Given the trust gap between the black experiencers and the white reporters, moreover, it is impossible to tell what really happened. There's always a rumormill in these cases that makes extracting the real, core experience out of the gossip and the grafting-on of folk motifs difficult. In a case in which the witnesses don't trust the reporters, and the reporters are untrustworthy because they don't respect the witnesses - who knows if anyone ever told the truth to anyone who wrote it down?

Did anyone ever, in fact, claim to have seen a "cat-faced woman...having a small head only a little larger than a grapefruit but comes exactly like that of a cat, with fur, ears and eyes of a feline appearance...dressed in a long black coat" and with "paws and claws just as a cat has?"

Did anyone in Florence, in fact, believe that anyone had?

Did the black population of the town really leave work early to go home and bar themselves in at night?
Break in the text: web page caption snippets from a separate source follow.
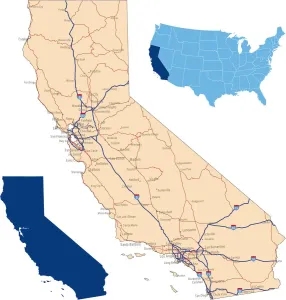 California Road Map Stampe: California road map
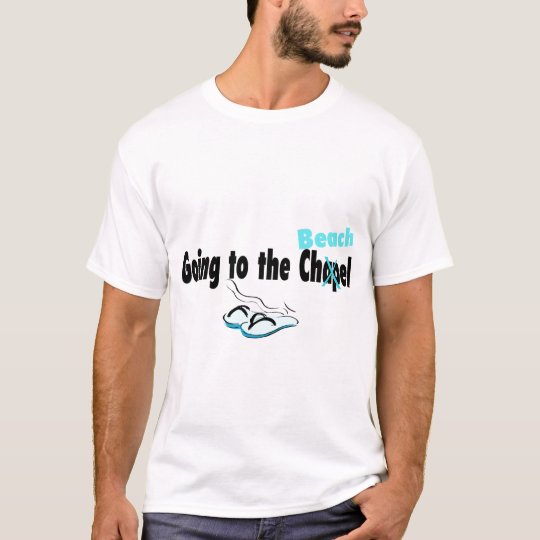 Going To The Chapel (Beach) (Flip Flop) T-Shirt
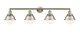 Innovations - 215-SN-HFS-61-SN - Four Light Bath Vanity - Franklin Restoration - Brushed Satin Nickel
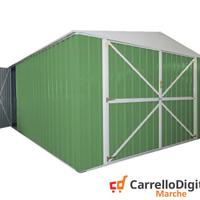 Box auto in Acciaio lamiera 360x514 verde chiaro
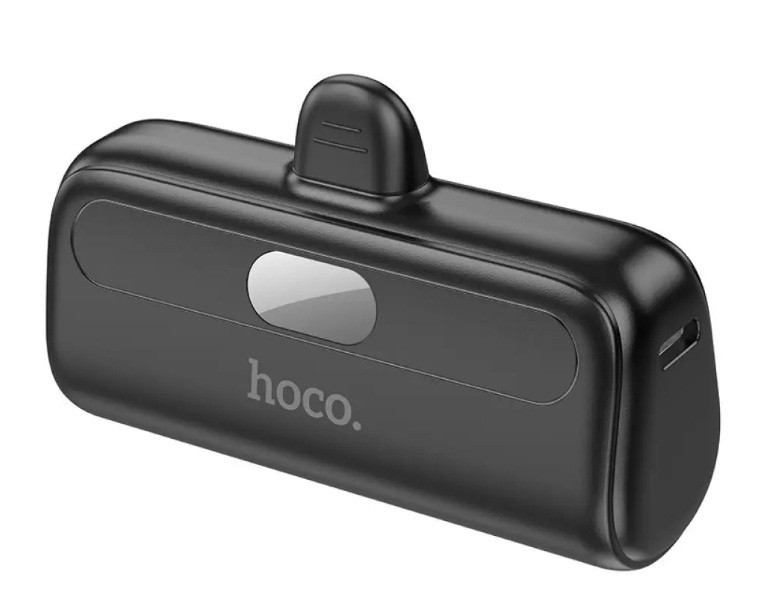 Зовнішній акумулятор Power Bank Hoco J116 - 5000mAh Cool Type-C чорний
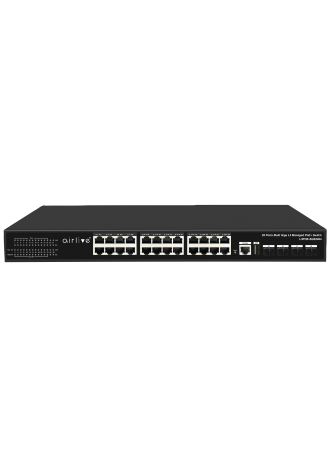 L3POE-XGS2404-400: Managed Gigabit PoE+ Switch with 10G Uplink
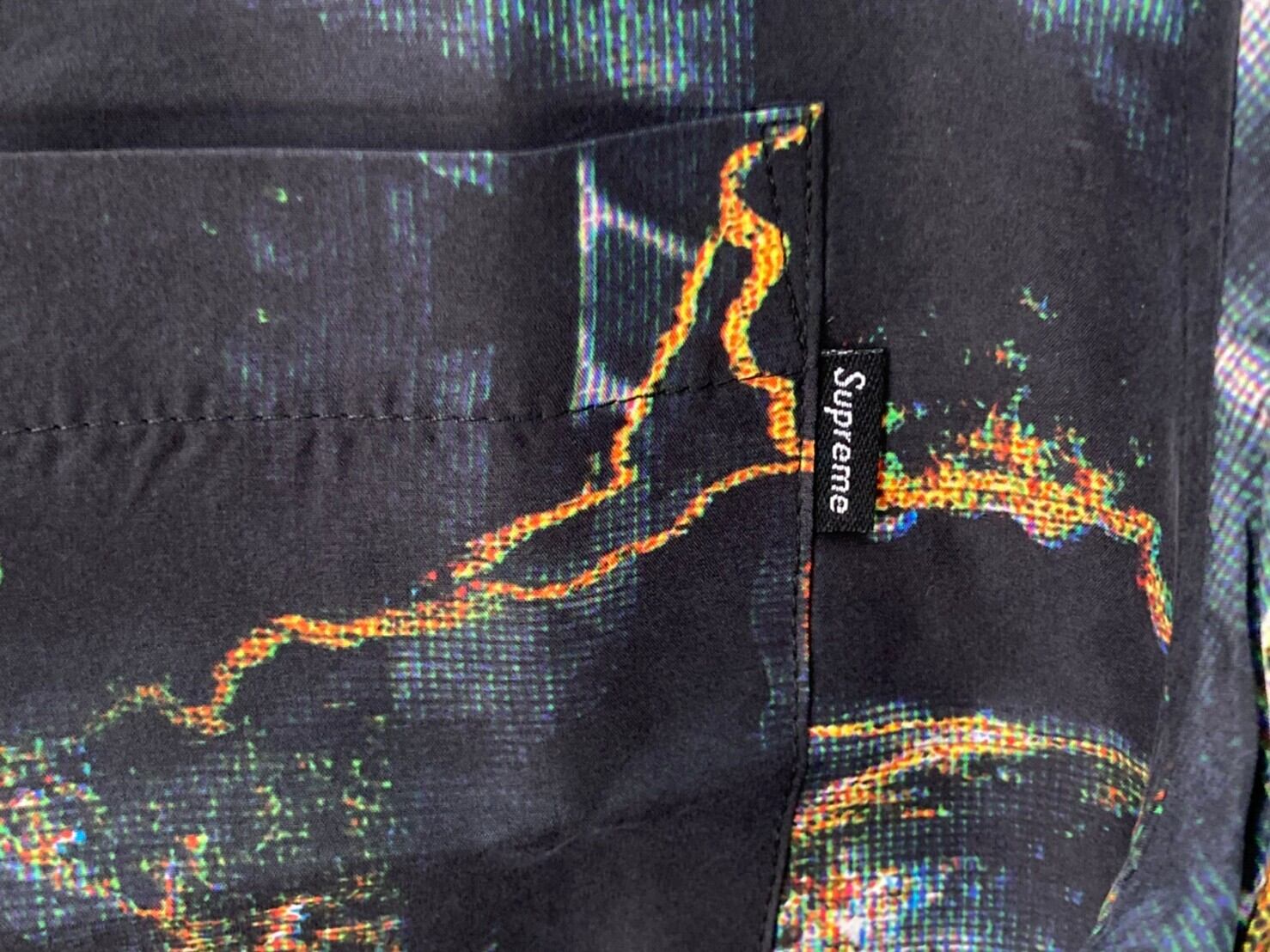 Supreme 20AW MARBLE SILK S/S SHIRT 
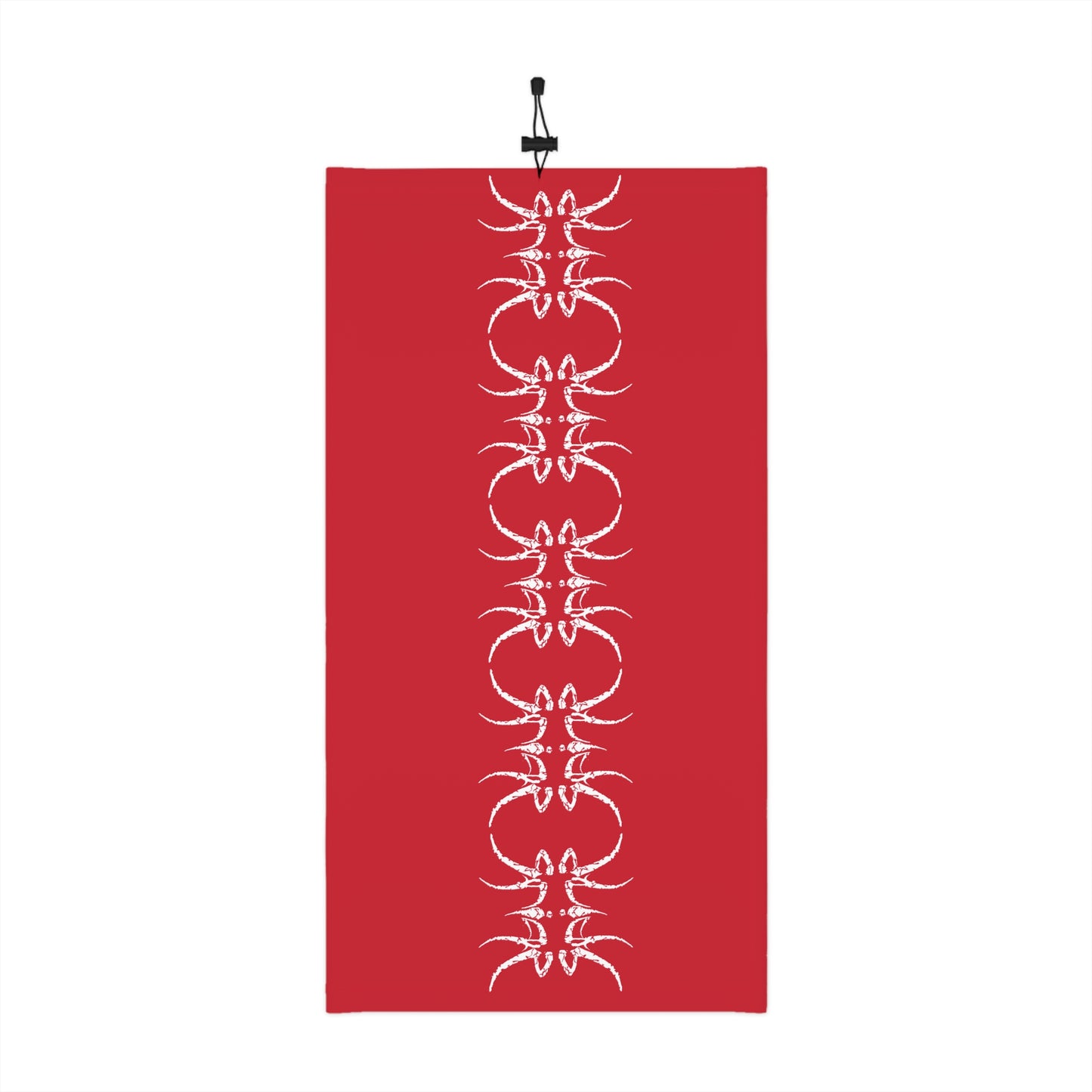 Spine Skull on Red, Winter Neck Gaiter With Drawstring
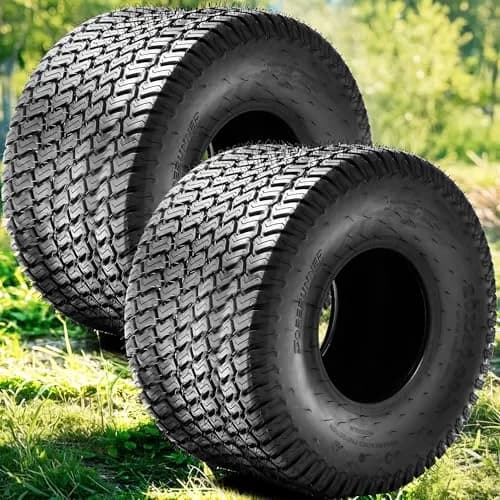 YINTATECH 20x10-8 Lawn Mower Tires Set of 2 | 4-Ply Tubeless for Lawn & Garden Vehicles thumbnail 2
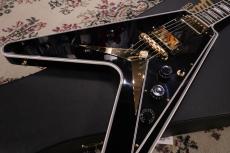 Gibson Flying V Custom with Ebony Fingerboard ～Ebony～ CS 600959 [3.27kg]_9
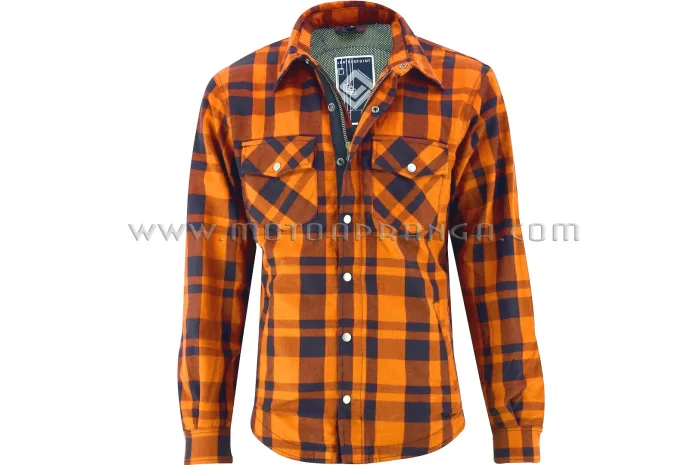 B.O.S. long sleeve shirt with aramid protection - orange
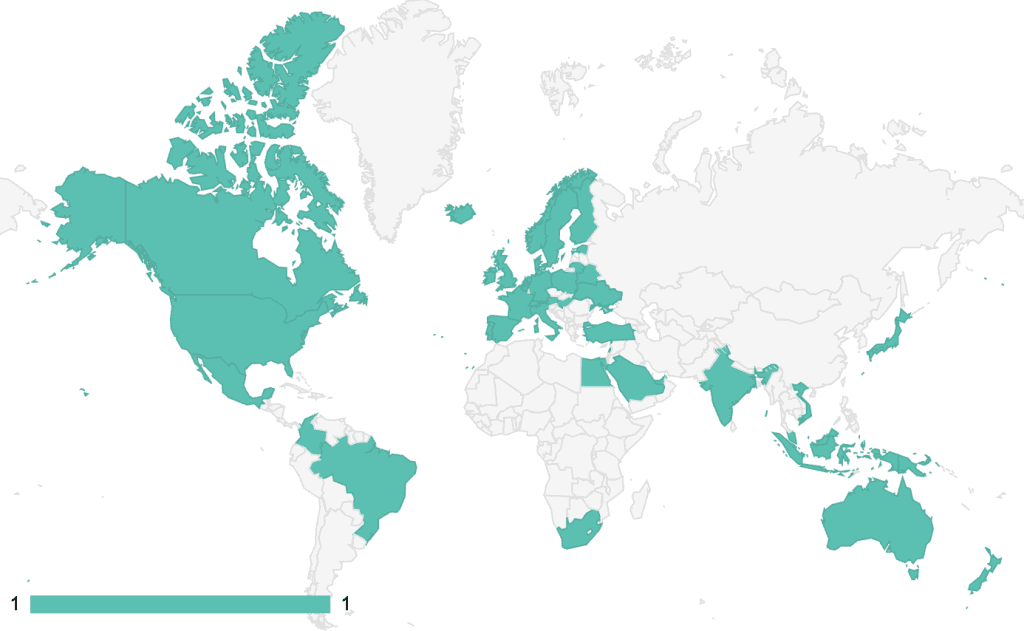 Student Location Heat Map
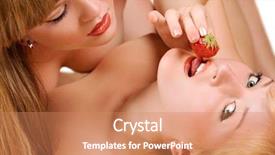  Presentation with lovers - Theme consisting of hot sex - female lovers enjoying erotic act background and a  colored foreground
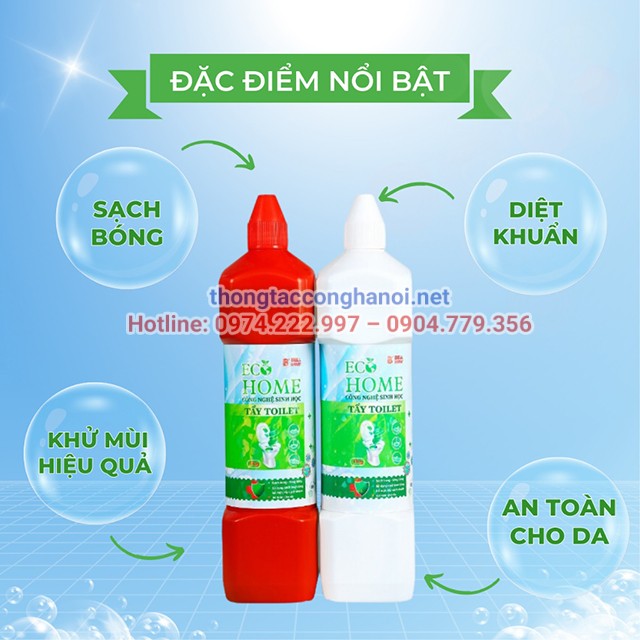 Nước tẩy bồn cầu Ecohome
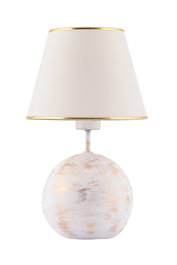 Opviq Lámpara de Mesa Balloon Blanco y Dorado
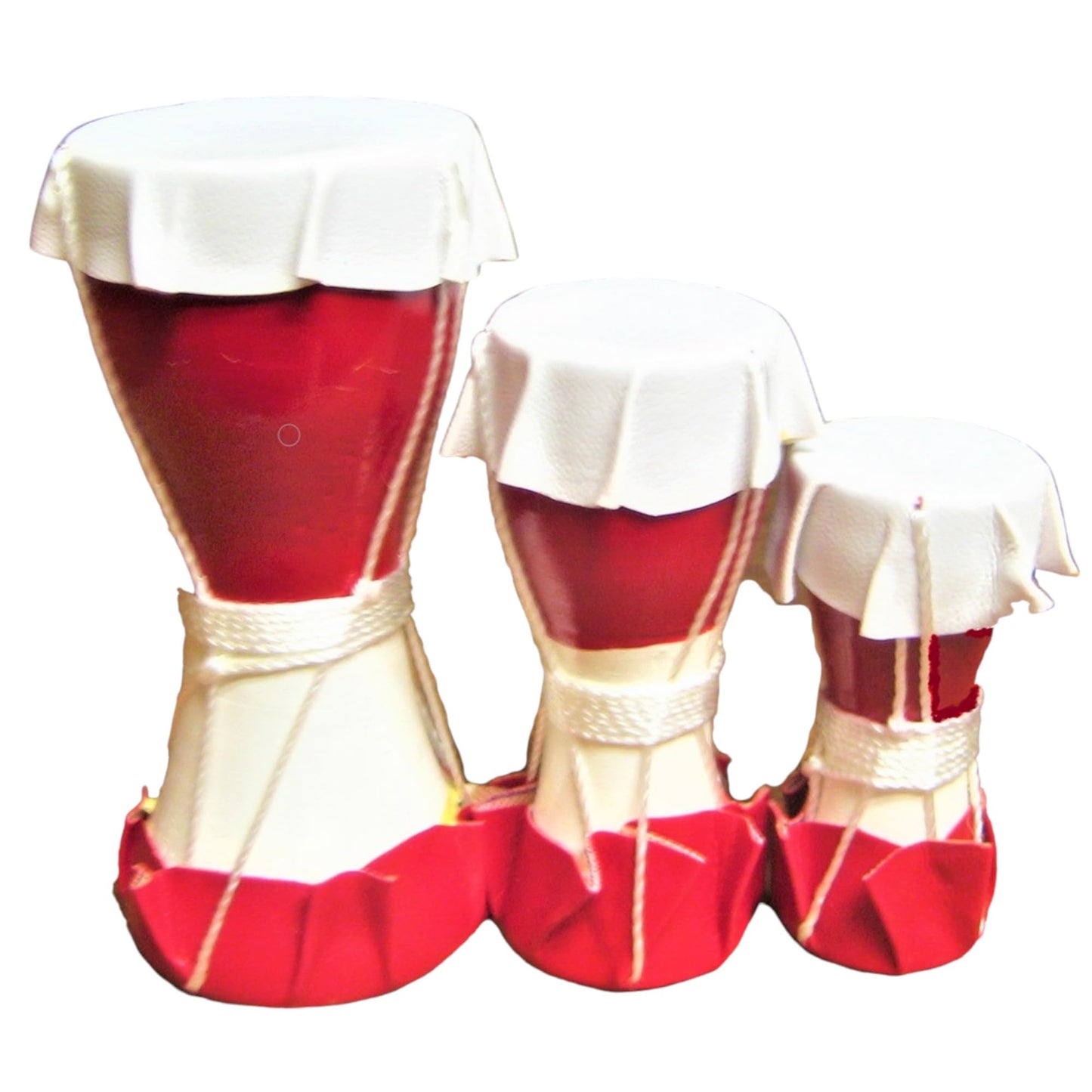 Santeria Mini Drums Set, Decorative Ritual Tool, Set of 3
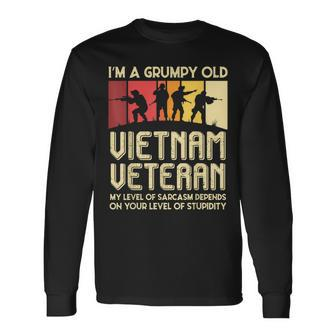 Im A Grumpy Old Vietnam Veteran Vietnam Long Sleeve T-Shirt | Mazezy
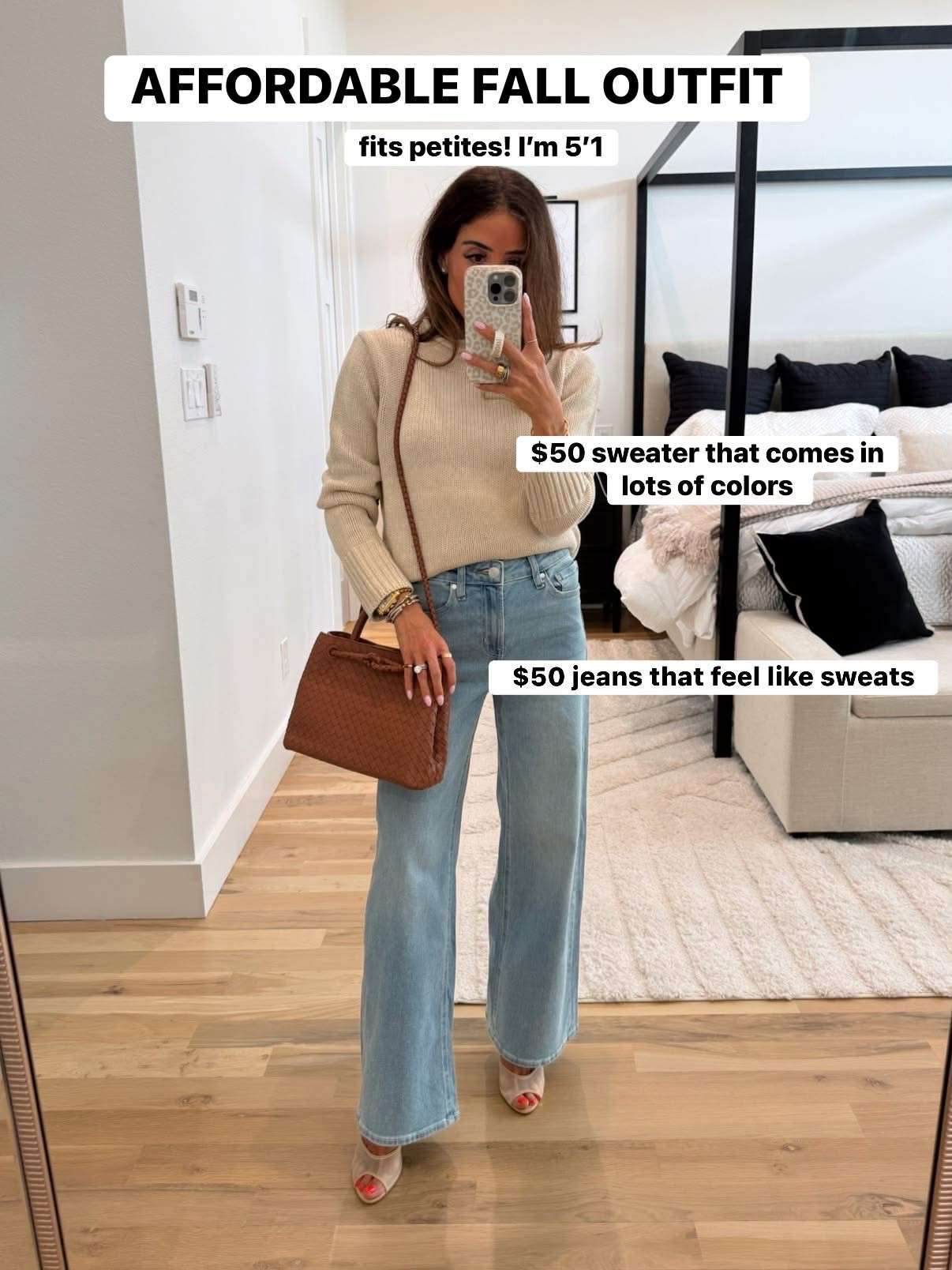 Fall outfit petite friendly extremely comfy stretchy jeans size 24s organic cotton sweater size xs fall bag that looks designer

#LTKootd #LTKSaleAlert #LTKPetite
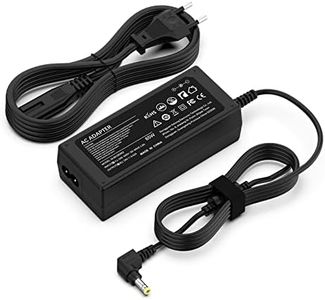 65W 19V 3.42A Caricatore Adattatore PC Portatile Caricabatterie Alimentatore per Toshiba Satellite C55 C55D C55T C655 C675 C70 C850 C855 A505 A205,per ASUS/Lenovo/Toshiba/Medion Connettore: 5.5X2.5mm
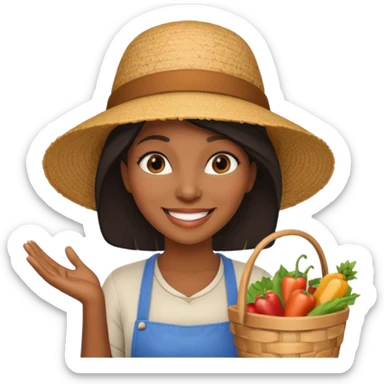 Street Food Shopper black woman  sticker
And if they did, was it really for fear of a cat lady? None of the accounts of her attacking or pursuing people, after all, are half so chilling as the following quoted snippet from the Florence Morning News, February 3, 1939: "The police in reality were inclined to favour continuance of the catwoman's presence in Florence..."I don't believe we'll have any trouble with these darkies at night - and that's when they do most of their devilment. I went down Cox Street last night a little after dark and didn't see but one negro It ought to be a good thing while it lasts."

Uh-huh. The police are cited several times, and while some of the quotations are contradictory concerning whether or not the incidents are ever reported at all, they are consistent in saying that the truth behind the flap was never investigated, and the overwhelming impression is that the(presumably all-white) police force were openly contemptuous of the black population's sense of insecurity. So the urgent question becomes, not "was there a real cat lady?" but "was the cat lady flap, as reported, a cover for a coordinated terrorist action on the black population by certain elements of the white one?"

Up front, I cannot write this story, because I am not black. I do my best to get around my own privilege, but understanding what happened in Florence, for either a novelistic or an investigative purpose, requires someone who starts much closer to the original experience than I do. All I can do is stand at the edge of it feeling slightly sick to my stomach and knowing that I belong to a demographic that can at least call the police without fear of being murdered.

I would, however, be really interested to see a black paper's contemporary take on the story. Perhaps the black population had its own reasons for circulating the story, and the whole thing was some kind of con on the white population.

Is it tragedy? Is it farce? Is it Just One of Those Human Things?